The `./fine-tune.sh` script can be used for (parameter efficient) fine-tuning a pre-trained language model with CoT data. The accuracy evaluation has been built in the training loop. If performing parameter efficient fine-tuning, only the adapters and the newly added token embeddings will be saved in the checkpoint in `./checkpoints`.

Key arguments:

* `--model_name_or_path`: Model name/path. For our proposed method, this must be the path to a checkpoint produced by the continue pre-training step.

* `--base_model_name_or_path`: Base model for paramter efficient fine-tuning checkpoints. Must be the same as the `--model_name_or_path` in `./train_random_walk.sh` to correctly load the checkpoints.

* `--num_test`: The maximum number of testing examples to be evaluated at the end of each epoch.
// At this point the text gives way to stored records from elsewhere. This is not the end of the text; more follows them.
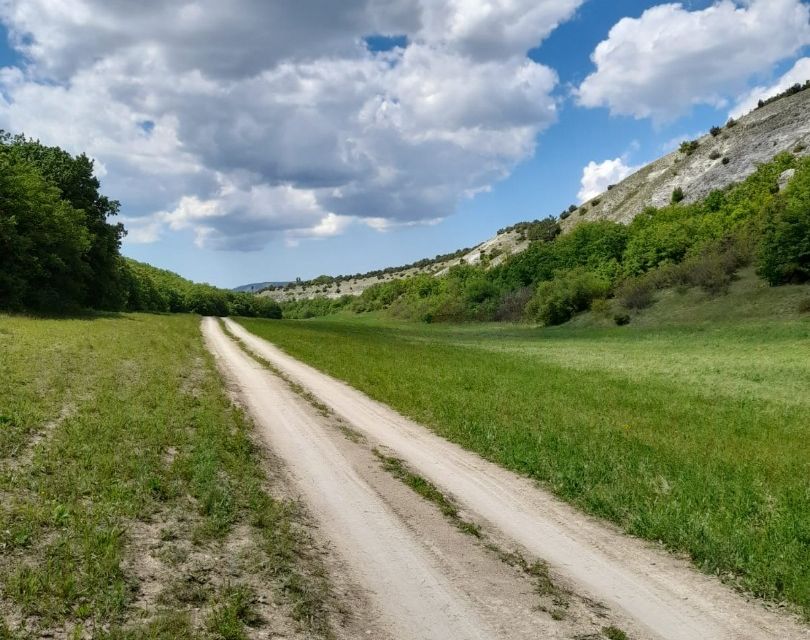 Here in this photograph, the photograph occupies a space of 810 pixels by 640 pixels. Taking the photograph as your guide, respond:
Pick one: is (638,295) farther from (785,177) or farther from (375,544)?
(375,544)

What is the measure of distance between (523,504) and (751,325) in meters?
50.4

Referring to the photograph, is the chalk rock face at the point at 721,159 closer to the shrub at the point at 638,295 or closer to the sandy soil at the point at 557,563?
the shrub at the point at 638,295

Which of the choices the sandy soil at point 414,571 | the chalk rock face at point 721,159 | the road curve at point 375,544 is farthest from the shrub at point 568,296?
the sandy soil at point 414,571

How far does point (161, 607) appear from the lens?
583cm

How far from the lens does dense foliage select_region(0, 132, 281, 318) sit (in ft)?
148

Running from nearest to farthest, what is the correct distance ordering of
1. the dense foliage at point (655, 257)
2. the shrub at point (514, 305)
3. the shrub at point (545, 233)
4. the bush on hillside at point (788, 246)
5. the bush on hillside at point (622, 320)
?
the bush on hillside at point (788, 246) < the dense foliage at point (655, 257) < the bush on hillside at point (622, 320) < the shrub at point (514, 305) < the shrub at point (545, 233)

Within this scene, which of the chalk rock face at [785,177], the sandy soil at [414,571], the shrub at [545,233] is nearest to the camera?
the sandy soil at [414,571]

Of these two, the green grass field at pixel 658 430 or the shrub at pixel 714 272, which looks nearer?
the green grass field at pixel 658 430

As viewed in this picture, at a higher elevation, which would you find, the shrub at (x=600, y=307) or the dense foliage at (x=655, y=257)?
the dense foliage at (x=655, y=257)

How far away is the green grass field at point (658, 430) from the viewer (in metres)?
8.49

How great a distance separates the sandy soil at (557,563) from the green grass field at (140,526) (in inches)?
46.2

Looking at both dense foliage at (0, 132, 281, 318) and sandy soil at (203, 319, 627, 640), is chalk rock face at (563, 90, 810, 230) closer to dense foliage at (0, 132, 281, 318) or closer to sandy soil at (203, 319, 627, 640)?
dense foliage at (0, 132, 281, 318)

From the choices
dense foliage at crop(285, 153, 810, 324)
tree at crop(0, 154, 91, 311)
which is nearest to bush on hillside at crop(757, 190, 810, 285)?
dense foliage at crop(285, 153, 810, 324)

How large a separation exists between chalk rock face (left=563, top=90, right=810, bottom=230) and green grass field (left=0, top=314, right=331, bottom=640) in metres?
112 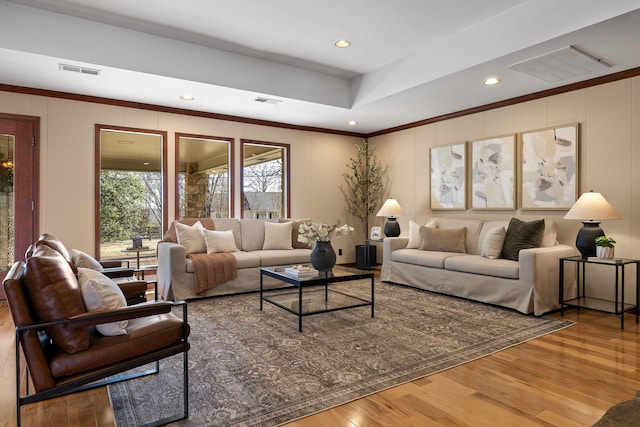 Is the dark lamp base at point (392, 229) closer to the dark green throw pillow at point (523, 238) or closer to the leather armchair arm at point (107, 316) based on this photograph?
the dark green throw pillow at point (523, 238)

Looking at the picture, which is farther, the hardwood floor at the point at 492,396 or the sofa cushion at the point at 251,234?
the sofa cushion at the point at 251,234

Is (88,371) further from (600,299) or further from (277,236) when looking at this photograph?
(600,299)

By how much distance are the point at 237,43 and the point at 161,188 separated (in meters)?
2.46

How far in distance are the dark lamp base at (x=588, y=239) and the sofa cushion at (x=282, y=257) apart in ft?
10.7

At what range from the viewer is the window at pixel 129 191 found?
17.6 feet

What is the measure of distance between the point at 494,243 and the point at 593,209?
3.50 ft

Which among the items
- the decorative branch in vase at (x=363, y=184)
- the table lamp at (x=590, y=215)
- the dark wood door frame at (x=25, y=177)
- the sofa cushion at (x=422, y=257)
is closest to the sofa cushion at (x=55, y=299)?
the dark wood door frame at (x=25, y=177)

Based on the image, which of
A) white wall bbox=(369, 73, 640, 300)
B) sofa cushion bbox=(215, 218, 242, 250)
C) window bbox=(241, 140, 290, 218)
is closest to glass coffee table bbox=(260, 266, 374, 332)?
sofa cushion bbox=(215, 218, 242, 250)

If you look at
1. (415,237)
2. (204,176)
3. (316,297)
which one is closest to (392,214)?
(415,237)

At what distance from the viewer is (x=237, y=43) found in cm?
445

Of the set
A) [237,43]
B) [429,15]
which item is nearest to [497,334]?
[429,15]

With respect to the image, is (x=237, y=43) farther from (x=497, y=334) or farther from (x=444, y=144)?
(x=497, y=334)

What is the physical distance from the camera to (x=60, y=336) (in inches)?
70.9

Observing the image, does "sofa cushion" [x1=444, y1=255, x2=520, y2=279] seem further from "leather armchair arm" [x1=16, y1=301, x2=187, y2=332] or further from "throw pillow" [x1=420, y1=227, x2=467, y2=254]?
"leather armchair arm" [x1=16, y1=301, x2=187, y2=332] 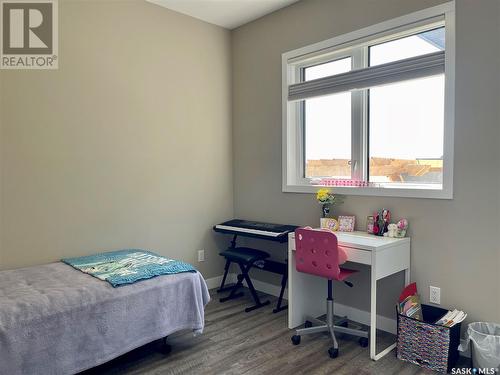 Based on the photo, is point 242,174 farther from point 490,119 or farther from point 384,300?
point 490,119

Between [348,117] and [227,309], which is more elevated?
[348,117]

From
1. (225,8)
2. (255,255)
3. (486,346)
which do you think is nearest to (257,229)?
(255,255)

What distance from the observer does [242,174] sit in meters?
4.14

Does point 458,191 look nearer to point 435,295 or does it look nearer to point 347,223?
point 435,295

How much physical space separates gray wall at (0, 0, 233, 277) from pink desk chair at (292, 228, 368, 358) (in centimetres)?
151

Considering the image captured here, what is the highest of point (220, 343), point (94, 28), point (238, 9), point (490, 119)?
point (238, 9)

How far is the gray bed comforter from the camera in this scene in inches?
75.7

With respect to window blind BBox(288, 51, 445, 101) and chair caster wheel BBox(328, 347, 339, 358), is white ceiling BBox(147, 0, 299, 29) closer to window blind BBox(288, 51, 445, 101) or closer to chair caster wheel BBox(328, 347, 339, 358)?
window blind BBox(288, 51, 445, 101)

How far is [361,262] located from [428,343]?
0.64 metres

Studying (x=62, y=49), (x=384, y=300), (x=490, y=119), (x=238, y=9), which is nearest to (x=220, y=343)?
(x=384, y=300)

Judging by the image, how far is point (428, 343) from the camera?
7.75 feet

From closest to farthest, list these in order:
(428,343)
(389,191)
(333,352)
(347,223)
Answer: (428,343) → (333,352) → (389,191) → (347,223)

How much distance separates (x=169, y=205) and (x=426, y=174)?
2350 millimetres

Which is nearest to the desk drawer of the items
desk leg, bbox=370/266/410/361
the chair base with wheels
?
desk leg, bbox=370/266/410/361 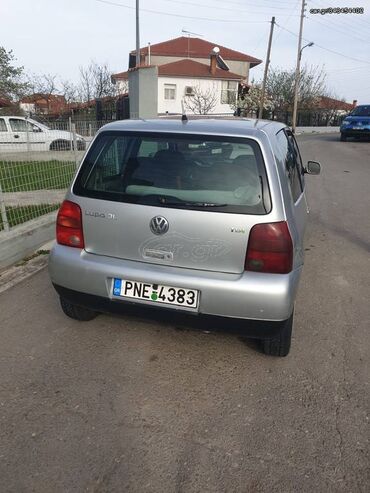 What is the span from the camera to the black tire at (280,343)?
2.92 m

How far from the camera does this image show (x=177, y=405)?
8.45 ft

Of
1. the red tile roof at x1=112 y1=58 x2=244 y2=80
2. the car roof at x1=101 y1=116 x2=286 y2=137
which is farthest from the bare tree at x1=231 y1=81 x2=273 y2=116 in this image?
the car roof at x1=101 y1=116 x2=286 y2=137

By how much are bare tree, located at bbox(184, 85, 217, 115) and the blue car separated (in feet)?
52.0

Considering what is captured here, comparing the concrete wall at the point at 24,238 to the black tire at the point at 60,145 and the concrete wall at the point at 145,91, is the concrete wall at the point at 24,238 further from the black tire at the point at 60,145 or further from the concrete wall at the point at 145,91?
the concrete wall at the point at 145,91

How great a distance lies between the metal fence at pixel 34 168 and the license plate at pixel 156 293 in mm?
2620

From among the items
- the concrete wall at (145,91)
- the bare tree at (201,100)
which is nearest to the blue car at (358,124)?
the concrete wall at (145,91)

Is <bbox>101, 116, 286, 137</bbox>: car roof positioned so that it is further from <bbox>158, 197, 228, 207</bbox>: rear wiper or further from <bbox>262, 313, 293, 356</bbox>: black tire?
<bbox>262, 313, 293, 356</bbox>: black tire

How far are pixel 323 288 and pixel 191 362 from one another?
1.96 m

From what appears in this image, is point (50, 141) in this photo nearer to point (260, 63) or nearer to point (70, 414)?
point (70, 414)

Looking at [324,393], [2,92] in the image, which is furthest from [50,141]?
[2,92]

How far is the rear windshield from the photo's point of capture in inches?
104

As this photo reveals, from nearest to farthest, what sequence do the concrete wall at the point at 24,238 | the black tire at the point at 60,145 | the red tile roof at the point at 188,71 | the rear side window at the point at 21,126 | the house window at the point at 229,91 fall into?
1. the concrete wall at the point at 24,238
2. the rear side window at the point at 21,126
3. the black tire at the point at 60,145
4. the red tile roof at the point at 188,71
5. the house window at the point at 229,91

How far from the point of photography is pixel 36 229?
5.33 metres

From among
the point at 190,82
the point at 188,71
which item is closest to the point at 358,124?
the point at 190,82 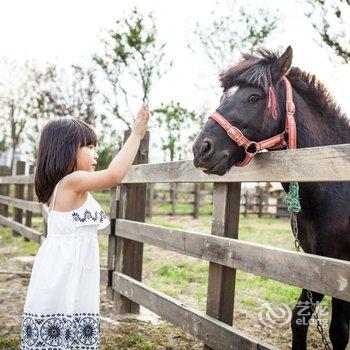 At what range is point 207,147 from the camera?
2.45 metres

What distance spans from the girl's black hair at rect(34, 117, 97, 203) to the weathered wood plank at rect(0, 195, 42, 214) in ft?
18.5

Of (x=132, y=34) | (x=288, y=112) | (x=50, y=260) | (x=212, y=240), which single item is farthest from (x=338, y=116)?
(x=132, y=34)

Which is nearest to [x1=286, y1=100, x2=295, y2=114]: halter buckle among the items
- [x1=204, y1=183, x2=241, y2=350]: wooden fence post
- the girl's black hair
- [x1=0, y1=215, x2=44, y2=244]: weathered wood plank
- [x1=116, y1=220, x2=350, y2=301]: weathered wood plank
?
[x1=204, y1=183, x2=241, y2=350]: wooden fence post

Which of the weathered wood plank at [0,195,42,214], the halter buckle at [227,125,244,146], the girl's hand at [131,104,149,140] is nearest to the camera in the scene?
the girl's hand at [131,104,149,140]

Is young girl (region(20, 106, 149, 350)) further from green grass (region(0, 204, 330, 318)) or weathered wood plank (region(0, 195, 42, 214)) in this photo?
weathered wood plank (region(0, 195, 42, 214))

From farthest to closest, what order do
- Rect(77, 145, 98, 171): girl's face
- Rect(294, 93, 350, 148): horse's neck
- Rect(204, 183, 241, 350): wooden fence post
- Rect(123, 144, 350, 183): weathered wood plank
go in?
Rect(204, 183, 241, 350): wooden fence post < Rect(294, 93, 350, 148): horse's neck < Rect(77, 145, 98, 171): girl's face < Rect(123, 144, 350, 183): weathered wood plank

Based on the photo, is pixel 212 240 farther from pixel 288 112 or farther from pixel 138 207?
pixel 138 207

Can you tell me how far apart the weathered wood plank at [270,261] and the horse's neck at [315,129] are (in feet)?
2.35

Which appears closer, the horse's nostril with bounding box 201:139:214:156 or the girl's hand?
the girl's hand

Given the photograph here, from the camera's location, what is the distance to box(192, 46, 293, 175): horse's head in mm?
2443

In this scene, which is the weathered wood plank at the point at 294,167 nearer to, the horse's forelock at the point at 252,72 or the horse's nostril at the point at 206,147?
the horse's nostril at the point at 206,147

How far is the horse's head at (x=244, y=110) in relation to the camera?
2.44 metres

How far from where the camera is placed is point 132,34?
741 inches

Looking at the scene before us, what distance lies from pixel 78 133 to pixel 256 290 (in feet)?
13.1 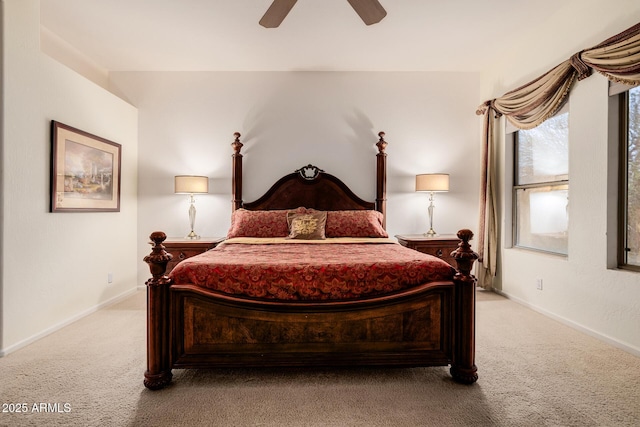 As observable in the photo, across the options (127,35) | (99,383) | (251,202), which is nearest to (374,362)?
(99,383)

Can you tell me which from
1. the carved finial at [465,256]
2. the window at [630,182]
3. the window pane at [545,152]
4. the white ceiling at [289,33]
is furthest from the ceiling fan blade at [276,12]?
the window pane at [545,152]

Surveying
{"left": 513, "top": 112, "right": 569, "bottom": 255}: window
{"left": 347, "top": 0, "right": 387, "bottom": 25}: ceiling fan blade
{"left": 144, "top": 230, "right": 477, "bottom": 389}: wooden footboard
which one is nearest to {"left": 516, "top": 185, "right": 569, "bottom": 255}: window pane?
{"left": 513, "top": 112, "right": 569, "bottom": 255}: window

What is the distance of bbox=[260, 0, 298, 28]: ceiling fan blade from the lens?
198 cm

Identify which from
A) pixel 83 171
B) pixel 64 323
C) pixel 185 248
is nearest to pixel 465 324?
pixel 185 248

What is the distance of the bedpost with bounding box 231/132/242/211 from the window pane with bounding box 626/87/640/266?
377cm

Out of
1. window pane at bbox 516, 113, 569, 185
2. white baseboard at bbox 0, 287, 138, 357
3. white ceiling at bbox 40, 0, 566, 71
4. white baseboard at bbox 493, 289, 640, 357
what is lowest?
white baseboard at bbox 0, 287, 138, 357

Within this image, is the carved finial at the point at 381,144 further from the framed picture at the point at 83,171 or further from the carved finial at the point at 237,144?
the framed picture at the point at 83,171

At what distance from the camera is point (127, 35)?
10.6 ft

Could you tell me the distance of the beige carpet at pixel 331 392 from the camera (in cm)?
155

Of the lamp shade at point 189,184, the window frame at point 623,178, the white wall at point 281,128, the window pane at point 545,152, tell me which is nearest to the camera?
the window frame at point 623,178

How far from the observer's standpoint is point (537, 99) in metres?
3.02

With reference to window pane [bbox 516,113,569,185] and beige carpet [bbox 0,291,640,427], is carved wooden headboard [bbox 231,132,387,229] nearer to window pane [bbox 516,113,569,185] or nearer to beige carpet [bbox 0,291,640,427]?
window pane [bbox 516,113,569,185]

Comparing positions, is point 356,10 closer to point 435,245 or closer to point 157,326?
point 157,326

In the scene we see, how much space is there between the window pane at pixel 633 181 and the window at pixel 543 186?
0.56 m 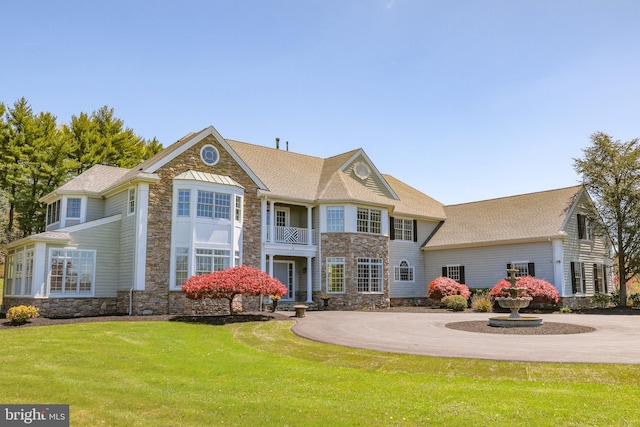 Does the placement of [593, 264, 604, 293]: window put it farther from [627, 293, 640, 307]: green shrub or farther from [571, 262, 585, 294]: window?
[627, 293, 640, 307]: green shrub

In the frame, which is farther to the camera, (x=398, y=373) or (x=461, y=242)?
(x=461, y=242)

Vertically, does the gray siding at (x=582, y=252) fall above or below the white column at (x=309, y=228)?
below

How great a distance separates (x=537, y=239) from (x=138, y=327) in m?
22.0

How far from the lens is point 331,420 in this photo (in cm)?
785

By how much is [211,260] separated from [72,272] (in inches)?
234

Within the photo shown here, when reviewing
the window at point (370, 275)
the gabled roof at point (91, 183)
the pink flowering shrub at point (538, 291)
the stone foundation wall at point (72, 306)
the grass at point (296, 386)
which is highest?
the gabled roof at point (91, 183)

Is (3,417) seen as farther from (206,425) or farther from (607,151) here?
(607,151)

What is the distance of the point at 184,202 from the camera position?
23.7 m

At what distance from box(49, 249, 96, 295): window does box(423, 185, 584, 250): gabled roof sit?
68.3 ft

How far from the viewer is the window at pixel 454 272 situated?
32906 mm

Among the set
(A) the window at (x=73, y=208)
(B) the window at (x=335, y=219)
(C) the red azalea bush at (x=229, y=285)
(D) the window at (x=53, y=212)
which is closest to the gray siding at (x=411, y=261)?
(B) the window at (x=335, y=219)

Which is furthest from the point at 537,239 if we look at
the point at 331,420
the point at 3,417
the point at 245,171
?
the point at 3,417

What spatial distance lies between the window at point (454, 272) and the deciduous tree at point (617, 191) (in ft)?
27.6

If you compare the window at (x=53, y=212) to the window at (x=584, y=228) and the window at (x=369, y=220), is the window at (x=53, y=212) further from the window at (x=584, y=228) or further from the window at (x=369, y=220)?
the window at (x=584, y=228) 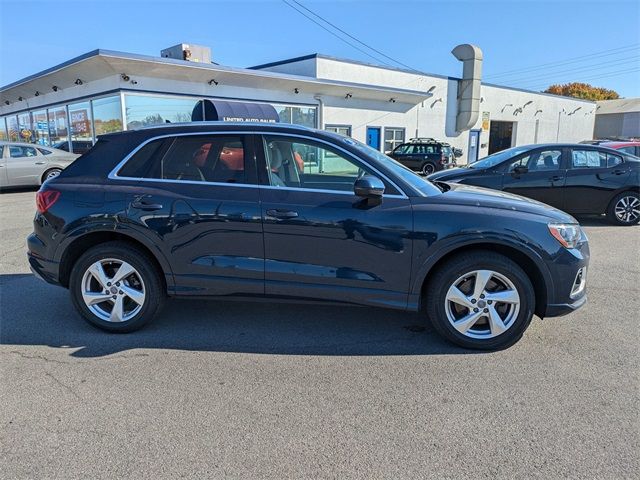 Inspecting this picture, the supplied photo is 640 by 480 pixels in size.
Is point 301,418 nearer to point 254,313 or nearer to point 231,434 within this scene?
point 231,434

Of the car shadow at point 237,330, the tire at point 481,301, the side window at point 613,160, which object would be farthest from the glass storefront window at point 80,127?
the tire at point 481,301

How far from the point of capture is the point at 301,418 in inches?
109

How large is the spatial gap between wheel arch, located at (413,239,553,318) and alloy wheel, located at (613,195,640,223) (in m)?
6.60

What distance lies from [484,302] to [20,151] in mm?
14531

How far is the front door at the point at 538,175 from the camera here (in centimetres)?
847

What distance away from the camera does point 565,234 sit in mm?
3580

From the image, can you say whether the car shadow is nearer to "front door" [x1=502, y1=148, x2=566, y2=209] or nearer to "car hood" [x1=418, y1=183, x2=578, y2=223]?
"car hood" [x1=418, y1=183, x2=578, y2=223]

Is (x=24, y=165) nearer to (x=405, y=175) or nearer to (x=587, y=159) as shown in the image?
(x=405, y=175)

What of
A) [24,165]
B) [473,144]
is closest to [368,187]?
[24,165]

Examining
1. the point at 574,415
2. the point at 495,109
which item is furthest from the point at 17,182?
the point at 495,109

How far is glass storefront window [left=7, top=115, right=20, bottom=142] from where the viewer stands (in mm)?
26978

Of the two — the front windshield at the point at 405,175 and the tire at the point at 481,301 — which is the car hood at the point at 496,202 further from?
the tire at the point at 481,301

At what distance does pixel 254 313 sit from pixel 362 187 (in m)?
1.80

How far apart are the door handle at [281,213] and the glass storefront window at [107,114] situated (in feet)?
48.0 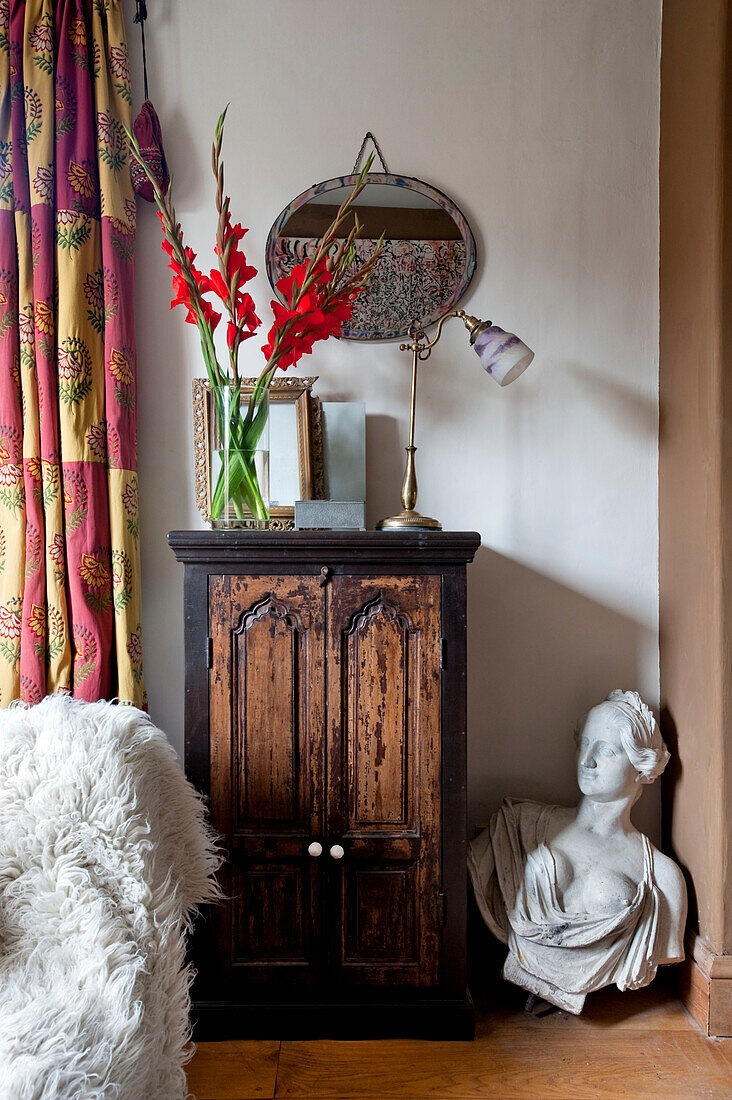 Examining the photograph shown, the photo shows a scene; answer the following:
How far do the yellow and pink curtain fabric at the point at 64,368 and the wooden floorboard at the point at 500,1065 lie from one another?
0.81 metres

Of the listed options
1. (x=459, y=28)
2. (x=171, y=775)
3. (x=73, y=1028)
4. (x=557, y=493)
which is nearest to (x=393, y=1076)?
(x=171, y=775)

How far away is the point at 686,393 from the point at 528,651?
75cm

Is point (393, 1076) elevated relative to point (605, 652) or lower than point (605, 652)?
lower

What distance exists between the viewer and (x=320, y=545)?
1438 millimetres

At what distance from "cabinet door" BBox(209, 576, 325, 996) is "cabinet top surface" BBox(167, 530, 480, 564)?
0.05 m

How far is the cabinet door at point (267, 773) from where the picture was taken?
147 centimetres

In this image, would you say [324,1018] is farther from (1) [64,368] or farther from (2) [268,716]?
(1) [64,368]

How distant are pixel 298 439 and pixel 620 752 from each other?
1.07m

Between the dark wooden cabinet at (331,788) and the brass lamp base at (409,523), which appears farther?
the brass lamp base at (409,523)

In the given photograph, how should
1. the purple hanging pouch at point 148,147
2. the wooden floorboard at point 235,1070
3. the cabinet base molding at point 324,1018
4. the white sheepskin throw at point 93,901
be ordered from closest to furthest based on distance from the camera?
the white sheepskin throw at point 93,901 < the wooden floorboard at point 235,1070 < the cabinet base molding at point 324,1018 < the purple hanging pouch at point 148,147

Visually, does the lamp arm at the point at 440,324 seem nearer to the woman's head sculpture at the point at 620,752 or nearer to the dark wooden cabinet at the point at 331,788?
the dark wooden cabinet at the point at 331,788

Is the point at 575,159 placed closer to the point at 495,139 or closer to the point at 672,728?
the point at 495,139

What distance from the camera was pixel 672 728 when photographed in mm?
1756

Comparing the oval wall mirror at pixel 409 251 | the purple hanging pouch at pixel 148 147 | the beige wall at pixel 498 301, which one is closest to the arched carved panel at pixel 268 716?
the beige wall at pixel 498 301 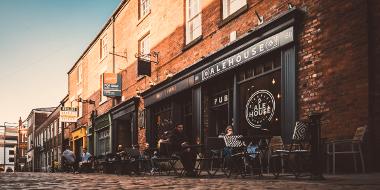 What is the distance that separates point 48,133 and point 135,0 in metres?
31.1

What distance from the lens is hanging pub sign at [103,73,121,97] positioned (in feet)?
71.5

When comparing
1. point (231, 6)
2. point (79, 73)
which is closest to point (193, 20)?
point (231, 6)

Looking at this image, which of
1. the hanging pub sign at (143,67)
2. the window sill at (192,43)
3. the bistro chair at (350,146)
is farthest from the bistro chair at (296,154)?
the hanging pub sign at (143,67)

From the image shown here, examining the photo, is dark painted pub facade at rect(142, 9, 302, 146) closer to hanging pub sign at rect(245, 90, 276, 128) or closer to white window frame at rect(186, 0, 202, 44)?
hanging pub sign at rect(245, 90, 276, 128)

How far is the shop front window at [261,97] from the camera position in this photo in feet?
35.1

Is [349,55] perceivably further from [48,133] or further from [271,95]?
[48,133]

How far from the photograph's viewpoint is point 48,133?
158ft

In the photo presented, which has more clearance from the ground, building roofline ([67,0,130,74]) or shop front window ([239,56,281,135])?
building roofline ([67,0,130,74])

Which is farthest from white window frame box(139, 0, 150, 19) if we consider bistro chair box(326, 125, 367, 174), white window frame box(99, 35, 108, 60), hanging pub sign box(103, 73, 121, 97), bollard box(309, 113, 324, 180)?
bollard box(309, 113, 324, 180)

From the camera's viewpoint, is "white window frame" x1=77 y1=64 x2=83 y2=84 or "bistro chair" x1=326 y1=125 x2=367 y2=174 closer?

We set this to 1000.

* Other arguments are the same as the previous continue pre-training step. Please make sure that they match the value in the `./train_random_walk.sh` script producing the continue pre-training checkpoint.

### Evaluation

In the paper, we report the epoch producing the highest eval accuracy. The accuracy evaluation has been built in the training loop, and can be checked in the `trainer_state.json` file saved in the checkpoints as `eval_acc`.

To do evaluation sparately and save the generation results, use the script `eval.sh`. The model generation results will be saved in the same directory as the loaded checkpoint. The saving format would be question - empty line - generated solution - empty line - ground truth solution.

Key arguments:

* `--model_name_or_path`: Checkpoint path. 

* `--base_model_name_or_path`: Base model for paramter efficient fine-tuning checkpoints. Must be the same as the `--model_name_or_path` or `--base_model_name_or_path` in `./fine-tune.sh` to correctly load the checkpoints.

* Please follow `./fine-tune.sh` for other arguments.